## Work request
Could you write out all of the data again, word for word?

## Data for this exercise
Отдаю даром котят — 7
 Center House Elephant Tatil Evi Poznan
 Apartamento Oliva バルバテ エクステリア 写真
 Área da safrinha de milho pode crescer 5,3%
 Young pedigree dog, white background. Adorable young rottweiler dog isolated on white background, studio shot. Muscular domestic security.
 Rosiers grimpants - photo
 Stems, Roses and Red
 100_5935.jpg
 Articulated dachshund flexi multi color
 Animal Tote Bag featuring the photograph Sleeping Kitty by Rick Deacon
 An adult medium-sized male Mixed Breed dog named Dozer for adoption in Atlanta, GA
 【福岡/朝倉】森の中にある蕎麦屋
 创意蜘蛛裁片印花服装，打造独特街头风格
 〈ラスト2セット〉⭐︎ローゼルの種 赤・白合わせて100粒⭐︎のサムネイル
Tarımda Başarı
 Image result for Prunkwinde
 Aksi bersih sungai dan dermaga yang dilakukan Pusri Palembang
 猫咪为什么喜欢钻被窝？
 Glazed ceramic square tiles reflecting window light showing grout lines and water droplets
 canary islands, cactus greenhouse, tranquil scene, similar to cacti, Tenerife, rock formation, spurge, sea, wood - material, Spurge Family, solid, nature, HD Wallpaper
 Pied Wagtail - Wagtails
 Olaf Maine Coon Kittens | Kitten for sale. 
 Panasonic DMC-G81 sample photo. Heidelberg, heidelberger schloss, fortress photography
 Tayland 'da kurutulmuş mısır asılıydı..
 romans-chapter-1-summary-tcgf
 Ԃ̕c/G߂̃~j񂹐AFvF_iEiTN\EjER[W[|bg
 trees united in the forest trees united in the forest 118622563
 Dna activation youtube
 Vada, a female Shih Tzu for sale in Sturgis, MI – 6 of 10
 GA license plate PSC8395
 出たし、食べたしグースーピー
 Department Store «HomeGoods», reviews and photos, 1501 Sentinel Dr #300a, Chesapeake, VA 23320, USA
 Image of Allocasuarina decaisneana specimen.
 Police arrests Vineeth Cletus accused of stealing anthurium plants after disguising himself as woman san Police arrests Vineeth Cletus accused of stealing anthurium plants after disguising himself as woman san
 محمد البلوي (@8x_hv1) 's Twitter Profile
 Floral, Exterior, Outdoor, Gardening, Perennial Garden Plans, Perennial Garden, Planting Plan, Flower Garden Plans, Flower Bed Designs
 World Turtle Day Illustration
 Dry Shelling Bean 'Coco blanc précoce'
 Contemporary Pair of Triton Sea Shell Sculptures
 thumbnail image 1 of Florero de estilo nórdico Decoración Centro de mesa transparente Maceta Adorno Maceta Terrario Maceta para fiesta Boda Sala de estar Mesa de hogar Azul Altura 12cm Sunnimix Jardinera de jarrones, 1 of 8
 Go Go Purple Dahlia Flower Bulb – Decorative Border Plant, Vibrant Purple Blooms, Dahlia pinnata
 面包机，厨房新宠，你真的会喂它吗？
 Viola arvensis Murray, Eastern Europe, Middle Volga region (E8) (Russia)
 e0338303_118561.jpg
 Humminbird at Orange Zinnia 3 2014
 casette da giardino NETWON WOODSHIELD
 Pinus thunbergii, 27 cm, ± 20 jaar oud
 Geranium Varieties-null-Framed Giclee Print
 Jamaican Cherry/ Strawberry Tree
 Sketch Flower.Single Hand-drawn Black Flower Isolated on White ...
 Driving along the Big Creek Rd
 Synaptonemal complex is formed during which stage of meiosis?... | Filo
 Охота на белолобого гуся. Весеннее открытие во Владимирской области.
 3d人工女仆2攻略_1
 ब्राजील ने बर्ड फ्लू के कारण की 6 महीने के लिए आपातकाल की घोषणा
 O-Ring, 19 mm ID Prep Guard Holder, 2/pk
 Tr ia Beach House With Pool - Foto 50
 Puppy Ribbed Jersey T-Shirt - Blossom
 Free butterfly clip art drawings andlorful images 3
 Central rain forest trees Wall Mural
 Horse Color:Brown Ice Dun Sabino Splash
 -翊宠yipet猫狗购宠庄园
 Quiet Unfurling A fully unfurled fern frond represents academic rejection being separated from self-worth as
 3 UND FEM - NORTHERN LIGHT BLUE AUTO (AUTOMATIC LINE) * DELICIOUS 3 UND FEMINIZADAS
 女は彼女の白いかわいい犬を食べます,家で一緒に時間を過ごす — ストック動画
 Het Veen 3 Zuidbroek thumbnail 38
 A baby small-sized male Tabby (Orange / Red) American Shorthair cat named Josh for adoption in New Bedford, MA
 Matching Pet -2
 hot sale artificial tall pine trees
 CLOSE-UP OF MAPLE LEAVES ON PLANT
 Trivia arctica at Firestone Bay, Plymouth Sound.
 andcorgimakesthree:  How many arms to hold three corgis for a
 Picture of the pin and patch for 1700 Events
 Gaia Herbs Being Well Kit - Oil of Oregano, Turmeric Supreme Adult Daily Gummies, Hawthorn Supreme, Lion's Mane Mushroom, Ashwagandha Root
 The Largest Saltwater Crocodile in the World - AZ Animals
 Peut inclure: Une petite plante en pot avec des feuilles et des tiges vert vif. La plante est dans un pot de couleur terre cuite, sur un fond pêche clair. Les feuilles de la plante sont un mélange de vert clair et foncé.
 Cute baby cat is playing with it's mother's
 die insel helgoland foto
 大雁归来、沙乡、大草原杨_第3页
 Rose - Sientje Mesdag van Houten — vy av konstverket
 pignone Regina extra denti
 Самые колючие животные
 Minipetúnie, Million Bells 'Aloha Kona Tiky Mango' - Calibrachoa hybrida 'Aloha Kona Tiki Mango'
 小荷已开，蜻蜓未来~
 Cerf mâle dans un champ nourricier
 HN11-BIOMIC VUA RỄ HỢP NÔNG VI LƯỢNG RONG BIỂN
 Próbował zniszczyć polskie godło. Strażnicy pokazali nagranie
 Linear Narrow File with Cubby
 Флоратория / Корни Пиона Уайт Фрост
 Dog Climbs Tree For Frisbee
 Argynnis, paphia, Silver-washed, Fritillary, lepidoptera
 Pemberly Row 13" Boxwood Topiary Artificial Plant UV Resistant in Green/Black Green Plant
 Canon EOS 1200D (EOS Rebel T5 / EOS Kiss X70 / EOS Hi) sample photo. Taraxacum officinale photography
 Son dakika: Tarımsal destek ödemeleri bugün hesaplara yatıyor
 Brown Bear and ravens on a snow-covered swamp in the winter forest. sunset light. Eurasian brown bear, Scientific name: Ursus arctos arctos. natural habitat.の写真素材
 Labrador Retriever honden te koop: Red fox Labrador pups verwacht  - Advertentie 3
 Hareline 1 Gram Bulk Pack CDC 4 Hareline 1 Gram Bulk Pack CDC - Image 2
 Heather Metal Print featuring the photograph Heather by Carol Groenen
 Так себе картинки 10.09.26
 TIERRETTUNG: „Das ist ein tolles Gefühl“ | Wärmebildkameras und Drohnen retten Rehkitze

## Response to the task
Отдаю даром котят — 7
 Center House Elephant Tatil Evi Poznan
 Apartamento Oliva バルバテ エクステリア 写真
 Área da safrinha de milho pode crescer 5,3%
 Young pedigree dog, white background. Adorable young rottweiler dog isolated on white background, studio shot. Muscular domestic security.
 Rosiers grimpants - photo
 Stems, Roses and Red
 100_5935.jpg
 Articulated dachshund flexi multi color
 Animal Tote Bag featuring the photograph Sleeping Kitty by Rick Deacon
 An adult medium-sized male Mixed Breed dog named Dozer for adoption in Atlanta, GA
 【福岡/朝倉】森の中にある蕎麦屋
 创意蜘蛛裁片印花服装，打造独特街头风格
 〈ラスト2セット〉⭐︎ローゼルの種 赤・白合わせて100粒⭐︎のサムネイル
Tarımda Başarı
 Image result for Prunkwinde
 Aksi bersih sungai dan dermaga yang dilakukan Pusri Palembang
 猫咪为什么喜欢钻被窝？
 Glazed ceramic square tiles reflecting window light showing grout lines and water droplets
 canary islands, cactus greenhouse, tranquil scene, similar to cacti, Tenerife, rock formation, spurge, sea, wood - material, Spurge Family, solid, nature, HD Wallpaper
 Pied Wagtail - Wagtails
 Olaf Maine Coon Kittens | Kitten for sale. 
 Panasonic DMC-G81 sample photo. Heidelberg, heidelberger schloss, fortress photography
 Tayland 'da kurutulmuş mısır asılıydı..
 romans-chapter-1-summary-tcgf
 Ԃ̕c/G߂̃~j񂹐AFvF_iEiTN\EjER[W[|bg
 trees united in the forest trees united in the forest 118622563
 Dna activation youtube
 Vada, a female Shih Tzu for sale in Sturgis, MI – 6 of 10
 GA license plate PSC8395
 出たし、食べたしグースーピー
 Department Store «HomeGoods», reviews and photos, 1501 Sentinel Dr #300a, Chesapeake, VA 23320, USA
 Image of Allocasuarina decaisneana specimen.
 Police arrests Vineeth Cletus accused of stealing anthurium plants after disguising himself as woman san Police arrests Vineeth Cletus accused of stealing anthurium plants after disguising himself as woman san
 محمد البلوي (@8x_hv1) 's Twitter Profile
 Floral, Exterior, Outdoor, Gardening, Perennial Garden Plans, Perennial Garden, Planting Plan, Flower Garden Plans, Flower Bed Designs
 World Turtle Day Illustration
 Dry Shelling Bean 'Coco blanc précoce'
 Contemporary Pair of Triton Sea Shell Sculptures
 thumbnail image 1 of Florero de estilo nórdico Decoración Centro de mesa transparente Maceta Adorno Maceta Terrario Maceta para fiesta Boda Sala de estar Mesa de hogar Azul Altura 12cm Sunnimix Jardinera de jarrones, 1 of 8
 Go Go Purple Dahlia Flower Bulb – Decorative Border Plant, Vibrant Purple Blooms, Dahlia pinnata
 面包机，厨房新宠，你真的会喂它吗？
 Viola arvensis Murray, Eastern Europe, Middle Volga region (E8) (Russia)
 e0338303_118561.jpg
 Humminbird at Orange Zinnia 3 2014
 casette da giardino NETWON WOODSHIELD
 Pinus thunbergii, 27 cm, ± 20 jaar oud
 Geranium Varieties-null-Framed Giclee Print
 Jamaican Cherry/ Strawberry Tree
 Sketch Flower.Single Hand-drawn Black Flower Isolated on White ...
 Driving along the Big Creek Rd
 Synaptonemal complex is formed during which stage of meiosis?... | Filo
 Охота на белолобого гуся. Весеннее открытие во Владимирской области.
 3d人工女仆2攻略_1
 ब्राजील ने बर्ड फ्लू के कारण की 6 महीने के लिए आपातकाल की घोषणा
 O-Ring, 19 mm ID Prep Guard Holder, 2/pk
 Tr ia Beach House With Pool - Foto 50
 Puppy Ribbed Jersey T-Shirt - Blossom
 Free butterfly clip art drawings andlorful images 3
 Central rain forest trees Wall Mural
 Horse Color:Brown Ice Dun Sabino Splash
 -翊宠yipet猫狗购宠庄园
 Quiet Unfurling A fully unfurled fern frond represents academic rejection being separated from self-worth as
 3 UND FEM - NORTHERN LIGHT BLUE AUTO (AUTOMATIC LINE) * DELICIOUS 3 UND FEMINIZADAS
 女は彼女の白いかわいい犬を食べます,家で一緒に時間を過ごす — ストック動画
 Het Veen 3 Zuidbroek thumbnail 38
 A baby small-sized male Tabby (Orange / Red) American Shorthair cat named Josh for adoption in New Bedford, MA
 Matching Pet -2
 hot sale artificial tall pine trees
 CLOSE-UP OF MAPLE LEAVES ON PLANT
 Trivia arctica at Firestone Bay, Plymouth Sound.
 andcorgimakesthree:  How many arms to hold three corgis for a
 Picture of the pin and patch for 1700 Events
 Gaia Herbs Being Well Kit - Oil of Oregano, Turmeric Supreme Adult Daily Gummies, Hawthorn Supreme, Lion's Mane Mushroom, Ashwagandha Root
 The Largest Saltwater Crocodile in the World - AZ Animals
 Peut inclure: Une petite plante en pot avec des feuilles et des tiges vert vif. La plante est dans un pot de couleur terre cuite, sur un fond pêche clair. Les feuilles de la plante sont un mélange de vert clair et foncé.
 Cute baby cat is playing with it's mother's
 die insel helgoland foto
 大雁归来、沙乡、大草原杨_第3页
 Rose - Sientje Mesdag van Houten — vy av konstverket
 pignone Regina extra denti
 Самые колючие животные
 Minipetúnie, Million Bells 'Aloha Kona Tiky Mango' - Calibrachoa hybrida 'Aloha Kona Tiki Mango'
 小荷已开，蜻蜓未来~
 Cerf mâle dans un champ nourricier
 HN11-BIOMIC VUA RỄ HỢP NÔNG VI LƯỢNG RONG BIỂN
 Próbował zniszczyć polskie godło. Strażnicy pokazali nagranie
 Linear Narrow File with Cubby
 Флоратория / Корни Пиона Уайт Фрост
 Dog Climbs Tree For Frisbee
 Argynnis, paphia, Silver-washed, Fritillary, lepidoptera
 Pemberly Row 13" Boxwood Topiary Artificial Plant UV Resistant in Green/Black Green Plant
 Canon EOS 1200D (EOS Rebel T5 / EOS Kiss X70 / EOS Hi) sample photo. Taraxacum officinale photography
 Son dakika: Tarımsal destek ödemeleri bugün hesaplara yatıyor
 Brown Bear and ravens on a snow-covered swamp in the winter forest. sunset light. Eurasian brown bear, Scientific name: Ursus arctos arctos. natural habitat.の写真素材
 Labrador Retriever honden te koop: Red fox Labrador pups verwacht  - Advertentie 3
 Hareline 1 Gram Bulk Pack CDC 4 Hareline 1 Gram Bulk Pack CDC - Image 2
 Heather Metal Print featuring the photograph Heather by Carol Groenen
 Так себе картинки 10.09.26
 TIERRETTUNG: „Das ist ein tolles Gefühl“ | Wärmebildkameras und Drohnen retten Rehkitze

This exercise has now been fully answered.